▶ What you should do:
Your job is to print, exactly, the lines in the data below from the line with "Gris - Chaise" through the line with "Black Arm with", both included, and to omit any picture.

▶ Exercise material:
__________

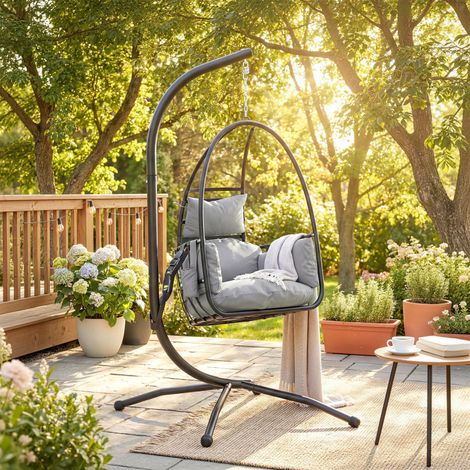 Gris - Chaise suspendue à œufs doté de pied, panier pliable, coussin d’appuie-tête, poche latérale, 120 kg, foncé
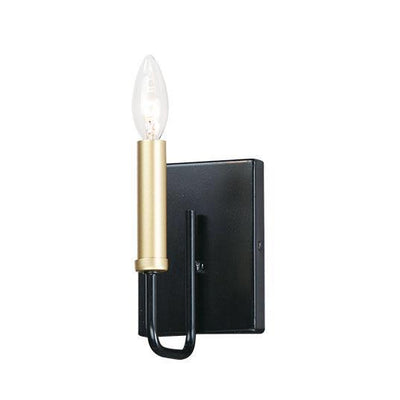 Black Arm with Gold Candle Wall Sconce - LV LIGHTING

__________

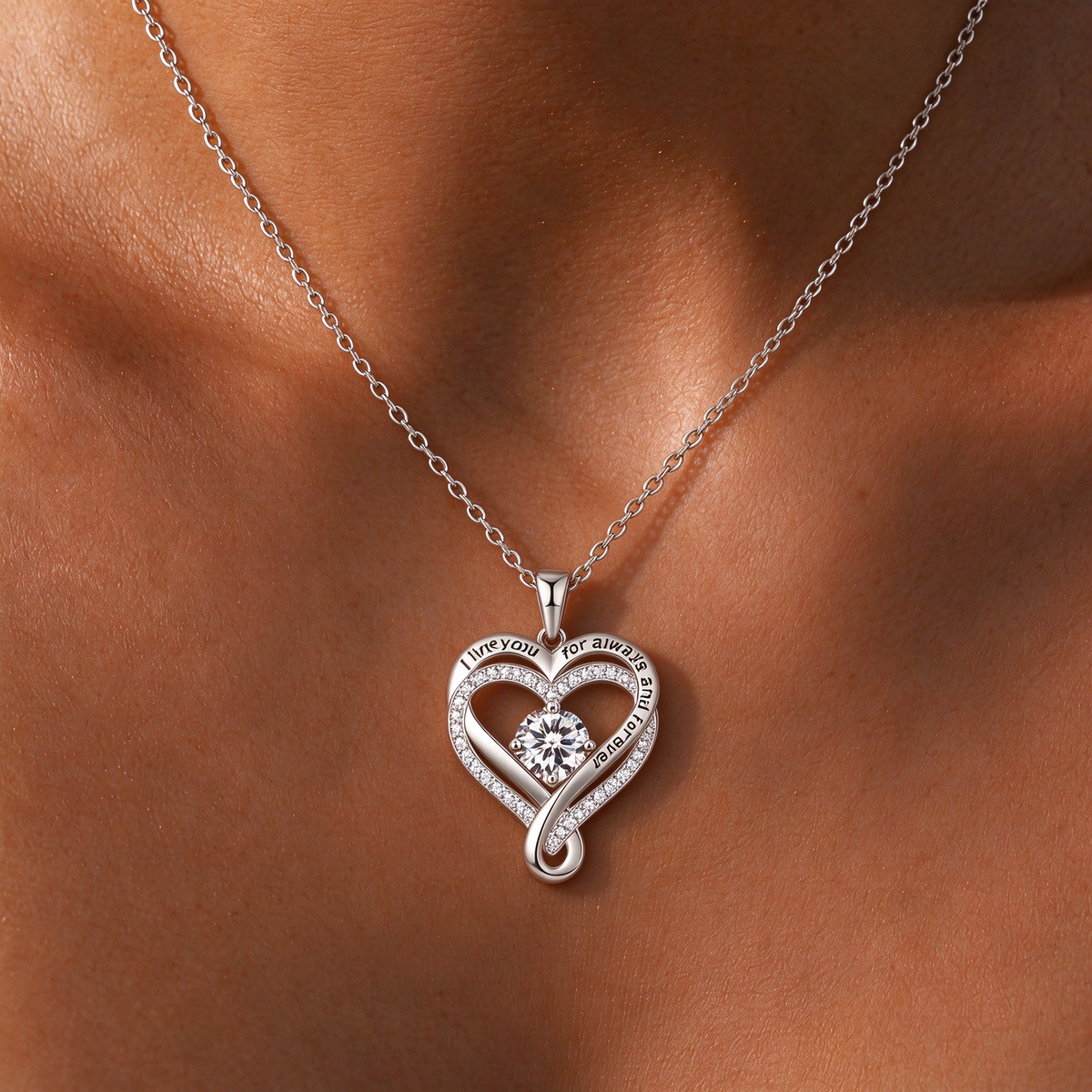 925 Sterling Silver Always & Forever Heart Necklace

__________

▶ Answer area:
 Gris - Chaise suspendue à œufs doté de pied, panier pliable, coussin d’appuie-tête, poche latérale, 120 kg, foncé
 Black Arm with Gold Candle Wall Sconce - LV LIGHTING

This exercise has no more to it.